Columnist: Abugri, George Sydney

Taxes, poverty and killers’ rights

By George Sydney Abugri

I could always do with good news any day, Jomo, and truly wish I had some for you, cross my heart. Unfortunately, here is all the news I have: Frequent power cuts are threatening to cripple the economy again, motor traffic congestion in the capital has never been so maddening and Finance Minister Dr. Kwabena Dufuor has just read his annual budget and left tax payers scratching their heads like baboons afflicted by a multitude of ticks and fleas.

The debate on the budget ended even before it started. As far as the opposition was concerned, the 2010 budget was the worst annual national budget since the creation of the first modern state. Dr Kwabena Duffuor and his government insisted it was the best thing ever to happen to national economic management.

The Minority in Parliament tried putting Dr. Duffour’s budget statement in the shredding machine, claiming it was intended to squeeze the last pesewa in taxes out of tax payers in order to make up for budgetary deficits in 2010.

Dr. Duffuor insisted his budget was certain to lead to substantial economic growth and stability. Who is lying? Darned if I have anything resembling a clue or rather let us wait and see how far the growth targets will be met.

On second thought, there was some “good’ news after all: In the old game of cops and robbers, the robbers are supposed to be the constant fugitives and the cops their pursuers but amid the epidemic of armed robbery across the country, the robbers have turned the tables on the cops and are chasing and killing every cop in sight.

Small numbers and an appalling lack of logistics, equipment and appropriate crime-busting technology have all but reduced our police force into a pack of boy scouts on a faltering picnic!

The “good” news is that alleged cop killer and veteran bandit, Johnson Kombian was captured by Togolese security agents and repatriated to Ghana during the week.
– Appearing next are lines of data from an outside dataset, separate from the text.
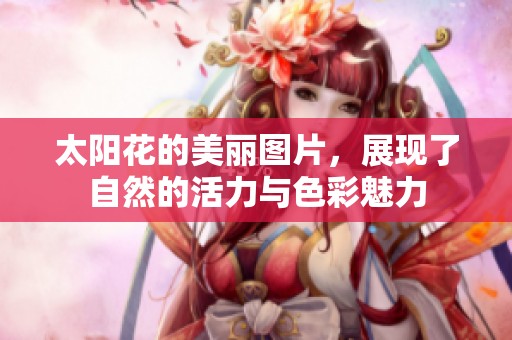 太阳花的美丽图片，展现了自然的活力与色彩魅力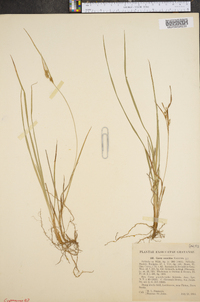 Carex conoidea image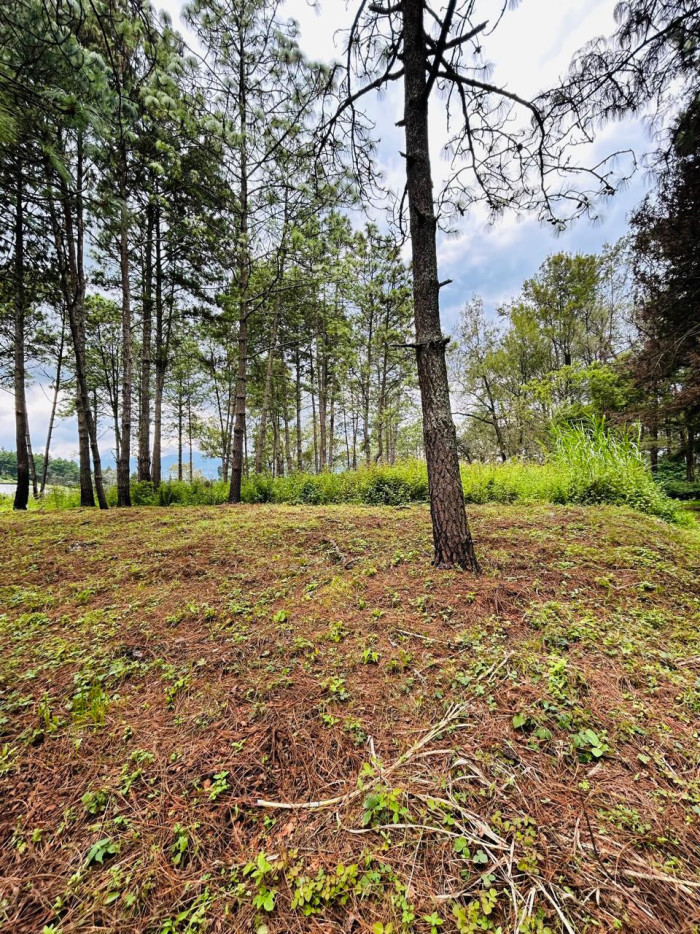 Terreno en venta en Sumpango Hacienda Las Llanuras - 2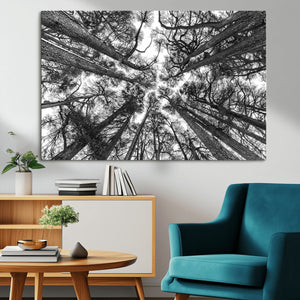 Trees Contemporary Art Canvas Print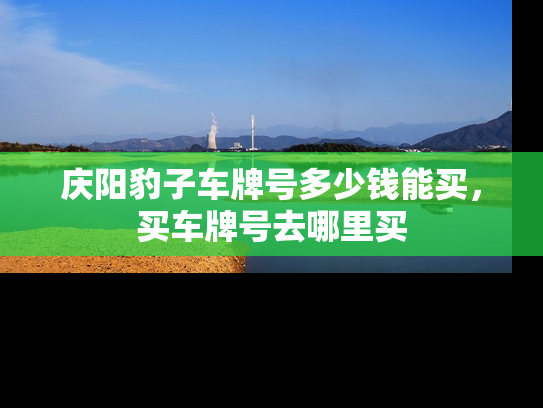 庆阳豹子车牌号多少钱能买，买车牌号去哪里买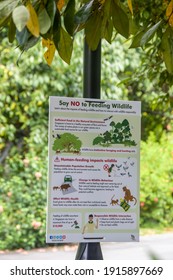 Singapore 13th Feb 2021: The Warning Board Set By Singapore's National Parks Board In Pasir Ris Park To Remind Visitors To Follow The Rule, Say NO To Feeding Wildlife. 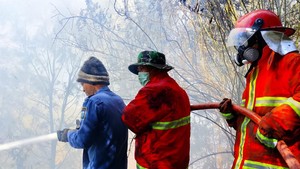Hari Ke-12 Karhutla Bromo: Titik Api Nihil, 8 Hotspot Didinginkan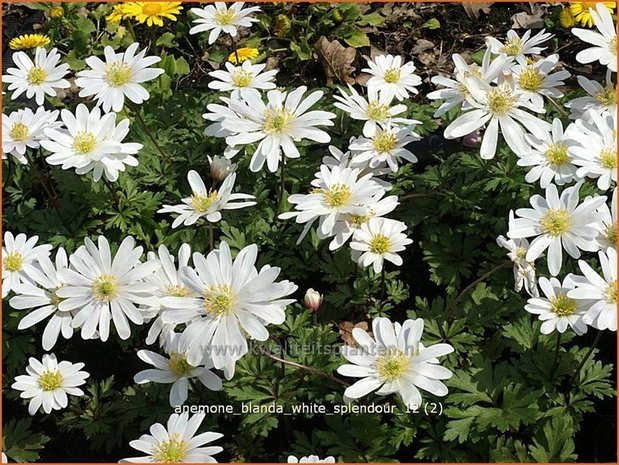 Anemone blanda 'White Splendour' | Oosterse anemoon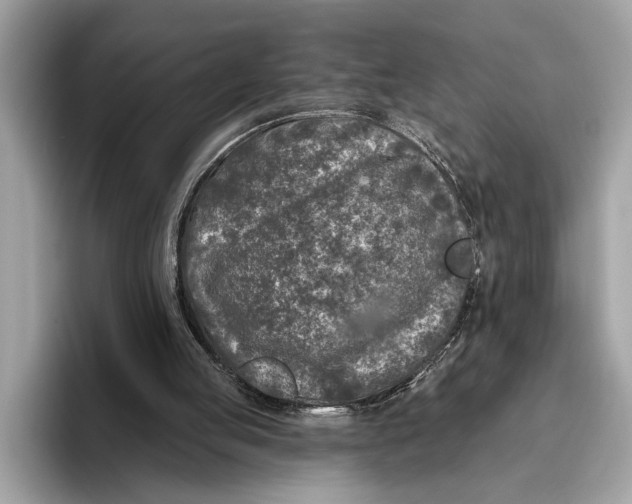 X0000096430053200802141440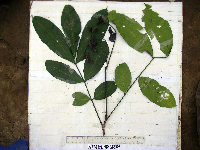 Aphanamixis polystachya image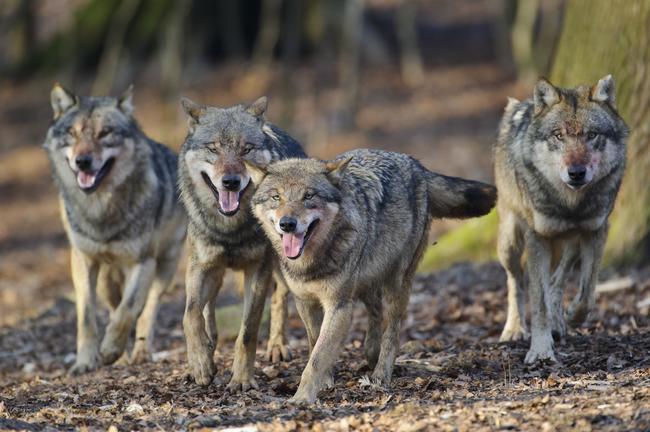 In Niedersachsen gibt es nach Angaben des Umweltministeriums vom Oktober 20 Wolfsrudel mit insgesamt 170 bis 180 Tieren.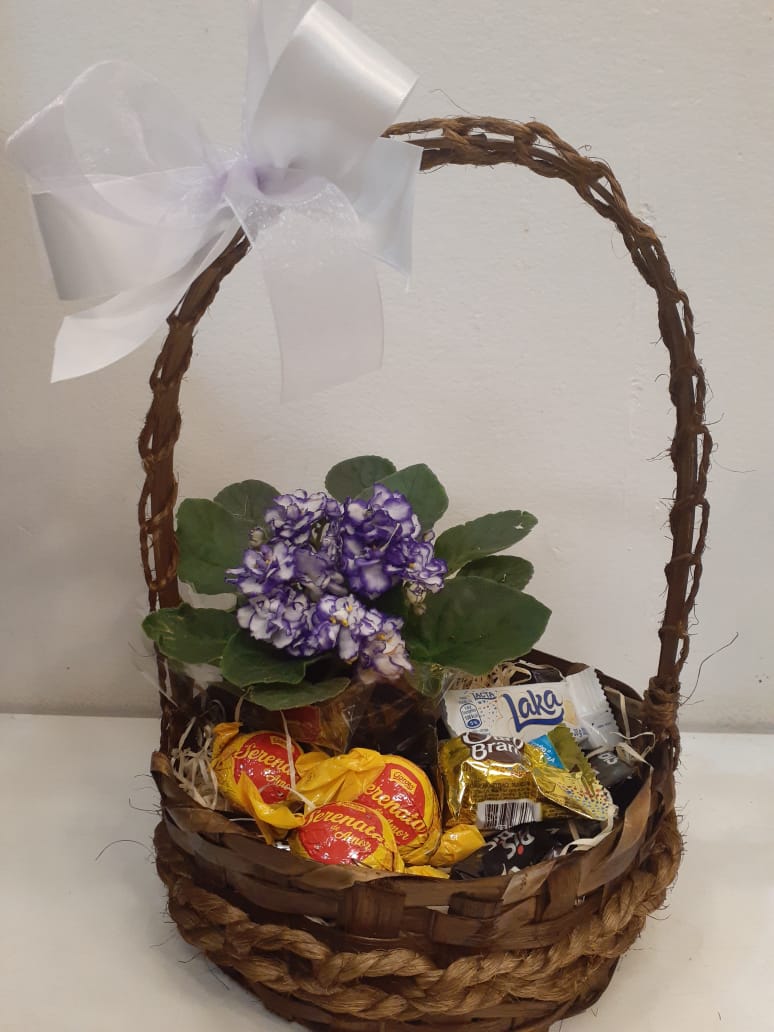 Violeta na cesta com chocolates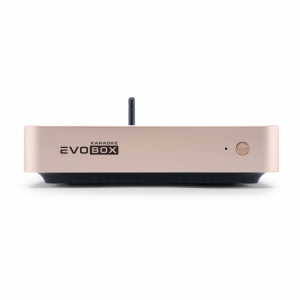 EVOBOX Plus караоке-система для дома в Элисте
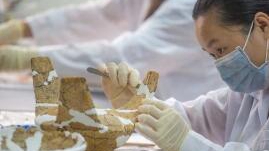 �����ﱣ�o(h��)����(d��ng)���ðl(f��)չ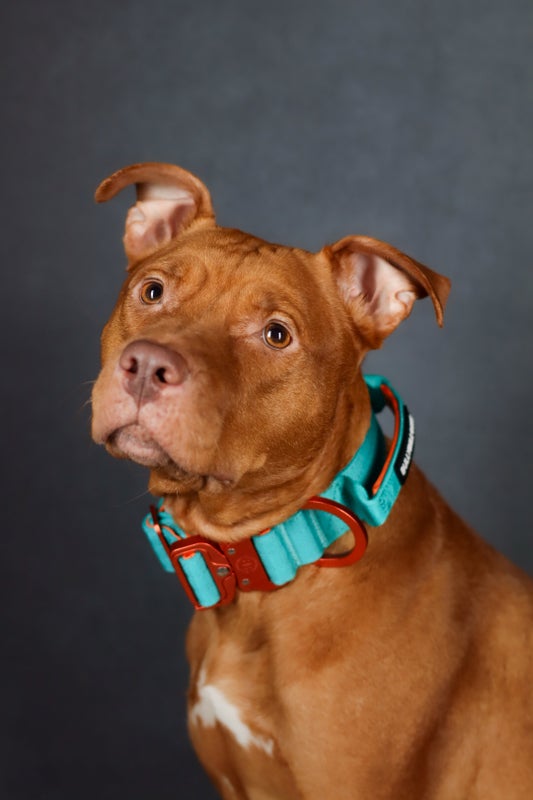 BullyBillows LIGHTER 4cm Turquoise & Orange (kahvalla)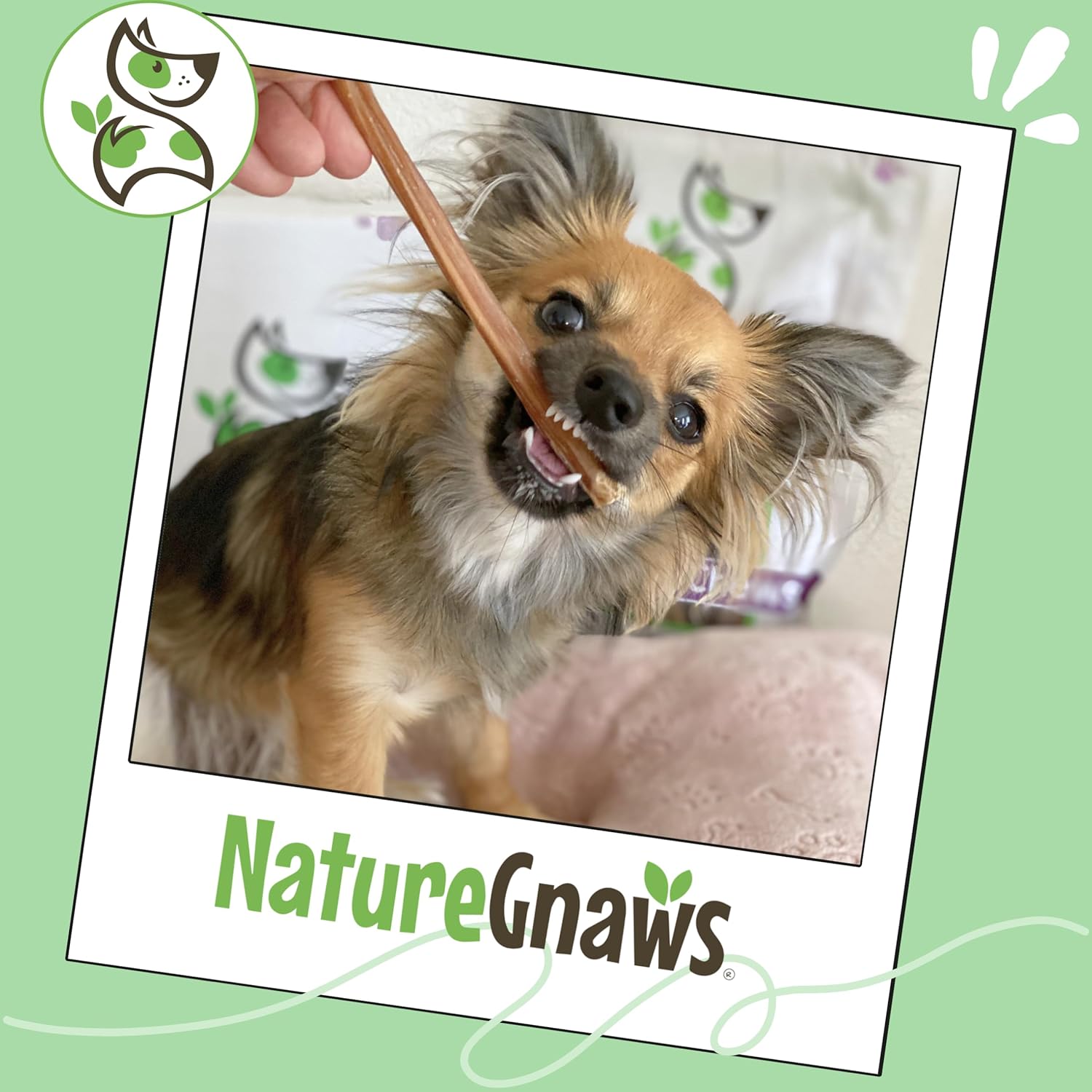 Nature Gnaws Extra Thin Bully Sticks for Small Dogs 5-6" (10 Count) - Long Lasting for Light Chewers and Puppies - Natural Beef Dog Chew Bones : Pet Supplies - Image 6
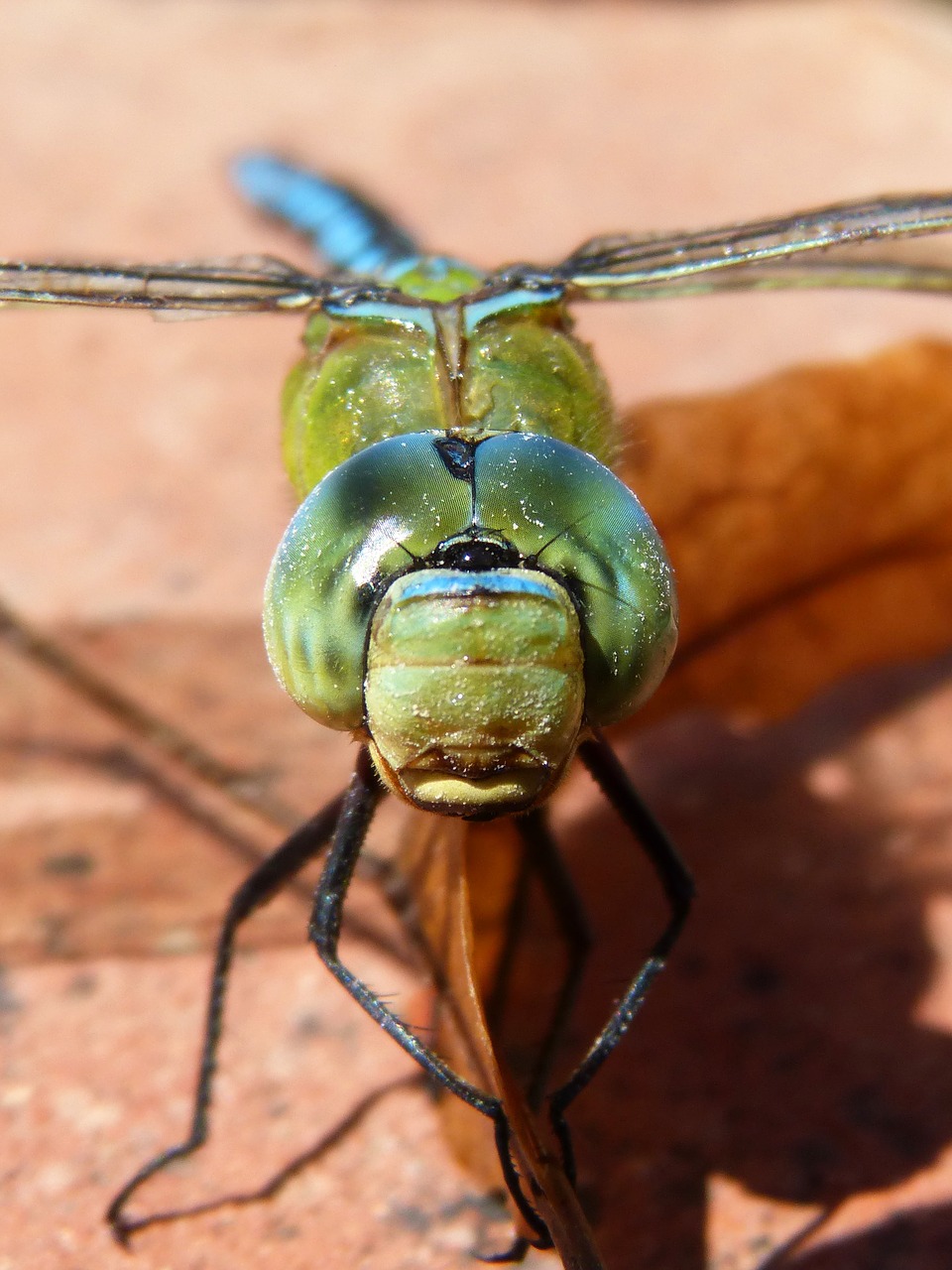 Lazda, Mėlyna Lazdele, Aeshna Affinis, Akių Junginiai, Išsamiai, Nemokamos Nuotraukos,  Nemokama Licenzija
He appeared in court sporting a puffed eye and walking with a conspicuous limp.

George Assemening his lawyer said the police had given his client a pounding of the limbs and muscles, which action he pointed out, amounted to a blatant abuse of his client's rights. See? Killers too have their rights, Jomo. It is a tenet of democracy and you either run a truly democratic society or a despotic and repressive one, no more, no less..

The police said the veteran bandit had carried the limp for years after he had been shot in the leg, but his lawyer said the police had no proof of that. {I will be returning to Kombian presently.}

Nothing justifies armed robbery and other violent crimes but hey, we must also acknowledge that most of our social problems are a result of the failure by nearly all the political administrations since independence, to put human beings at the very center of all development planning.

I suspect that when they drive through the streets of our cities, our leaders do not see the people for the crowds, as in the case of the woods and trees.

The average top political appointee cruising along in his big, gleaming vehicle sees the dense mass of people along the busiest streets alright but he is often unable to pick up at close range, the sweaty young woman peeling off the shell of a boiled egg and stuffing it with fresh pepper paste for the equally sweaty trotro diver seated morosely behind the wheel in stagnant motor traffic.

He sees the crowds alright but not the woman with an infant strapped to the back who has been standing in the sun for a millennium brandishing a couple of packets of dry biscuits no one appears to want or the famished looking character on the apparent prowl, eyeing trouser pockets and handbags in the crowd.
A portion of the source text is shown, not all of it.